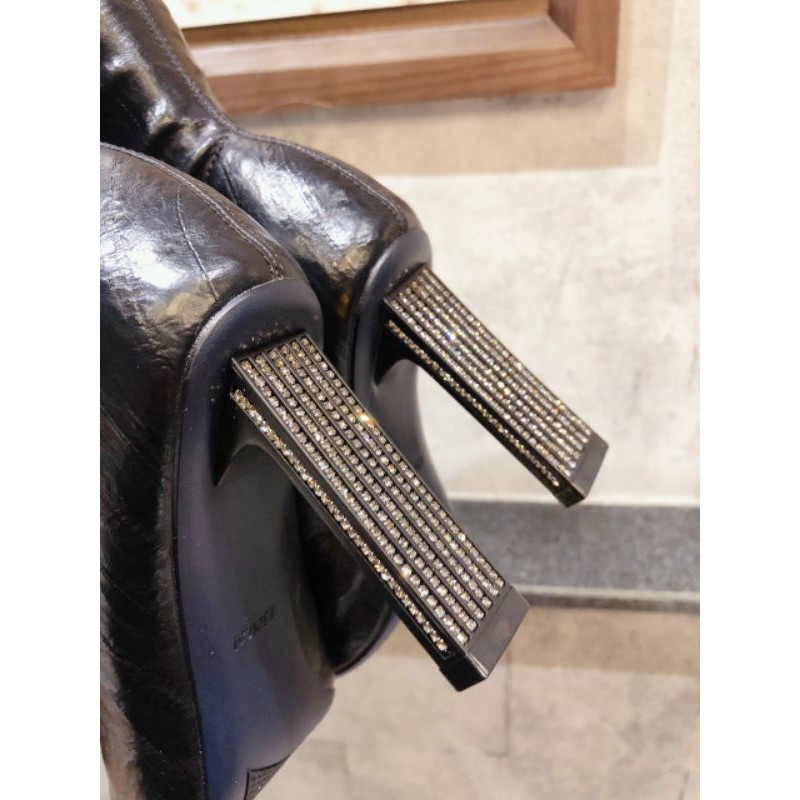 👢👠 BOOT Gót đá sang chảnh . - Hàng ORDER QUẢNG CHÂU CAO CẤP.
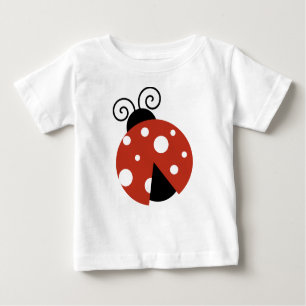 T-shirt Pour Bébé Ladybug, coccinelle, coccinelle, coccinelle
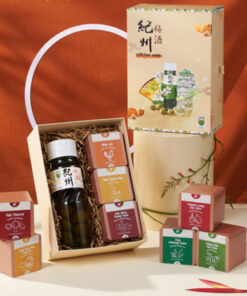 HỘP QUÀ TẾT RƯỢU SAKE 2024 – MƠ NIÊN KHỞI SẮC  - 02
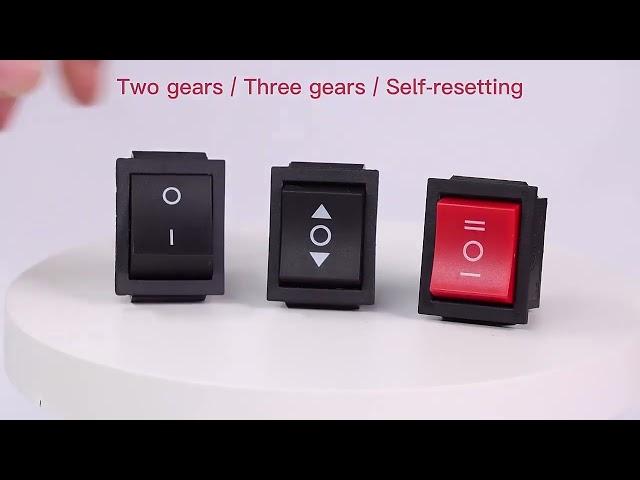 Elevate Your Control with Guozhi’s Rocker Switch – Precision Meets Style!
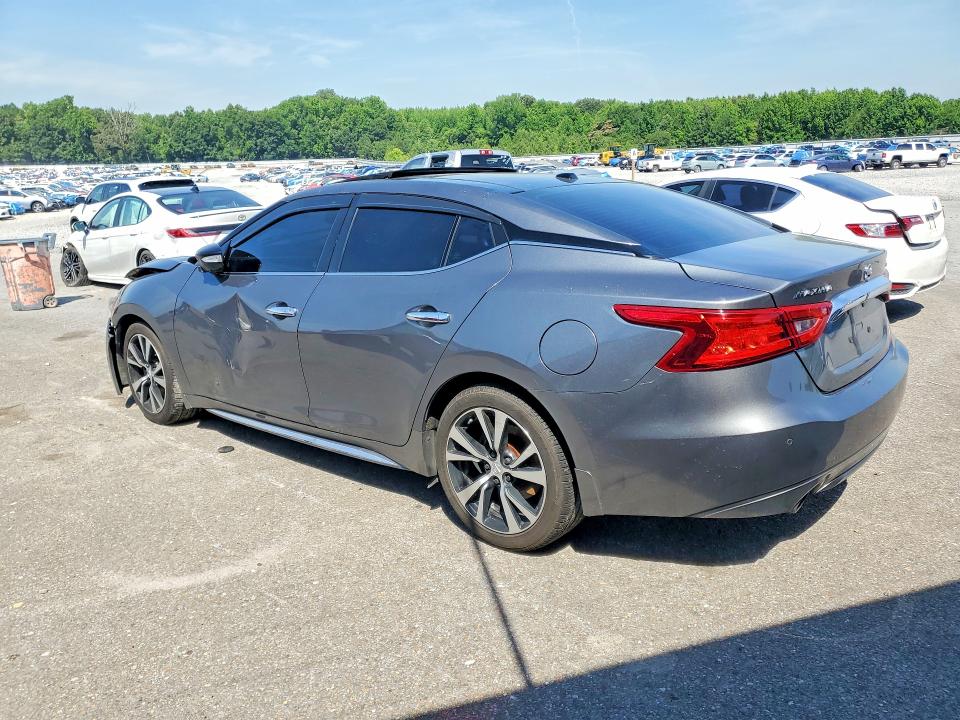 2018 Nissan Maxima მანქანა იყიდება აუქციონზე, vin: 1N4AA6AP1JC406780, აუქციონის ნომერი: 55949146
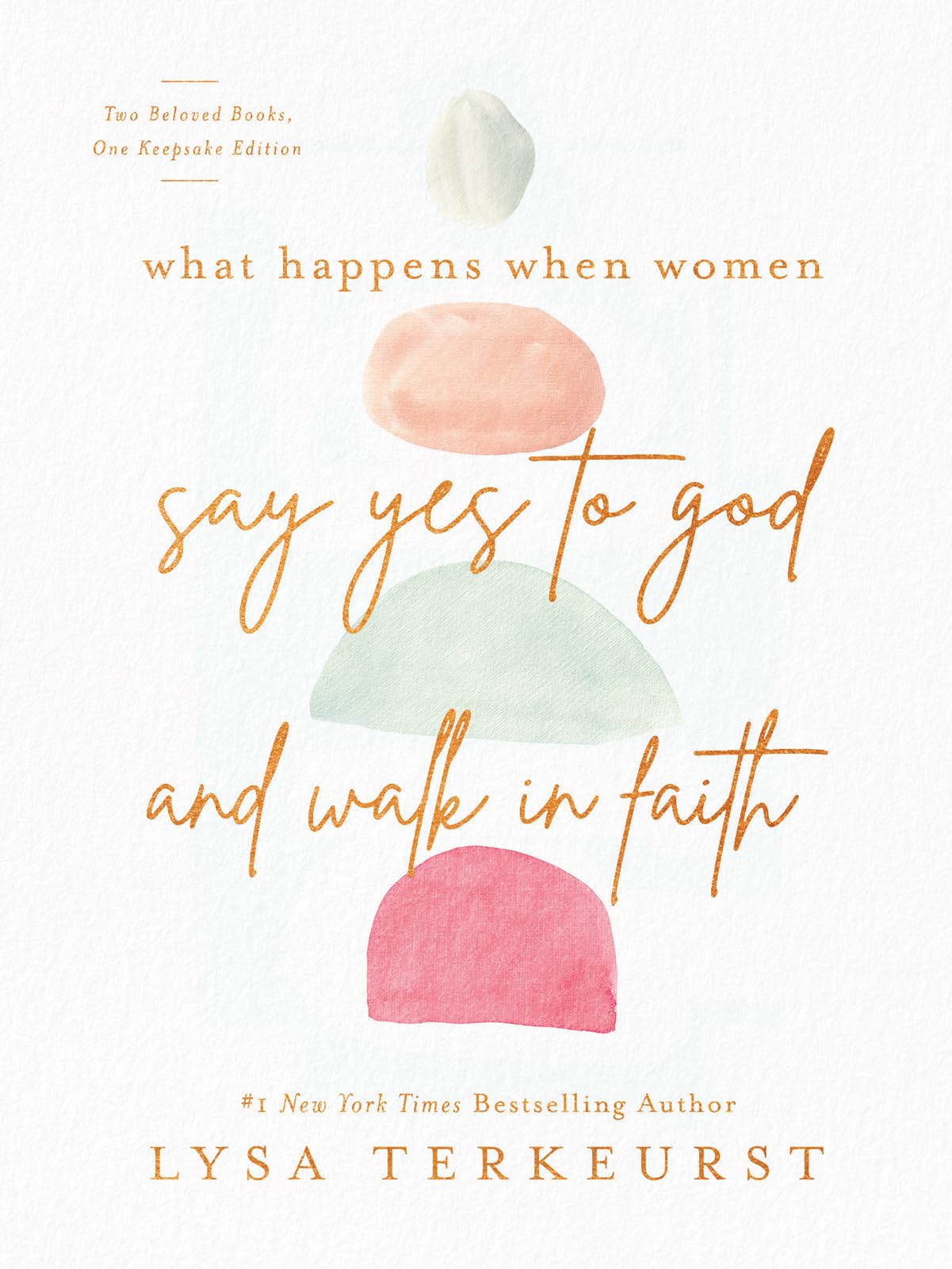 What Happens When Women Say Yes to God and Walk in Faith The Happy Book Stack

────

■ **Exercise**
Skip all pictures. Write out only the lines from the one containing "HỘP QUÀ TẾT" to the end of the listing above, inclusive, exactly as given.

■ **Answer box**
 HỘP QUÀ TẾT RƯỢU SAKE 2024 – MƠ NIÊN KHỞI SẮC  - 02
 Elevate Your Control with Guozhi’s Rocker Switch – Precision Meets Style!
 2018 Nissan Maxima მანქანა იყიდება აუქციონზე, vin: 1N4AA6AP1JC406780, აუქციონის ნომერი: 55949146
 What Happens When Women Say Yes to God and Walk in Faith The Happy Book Stack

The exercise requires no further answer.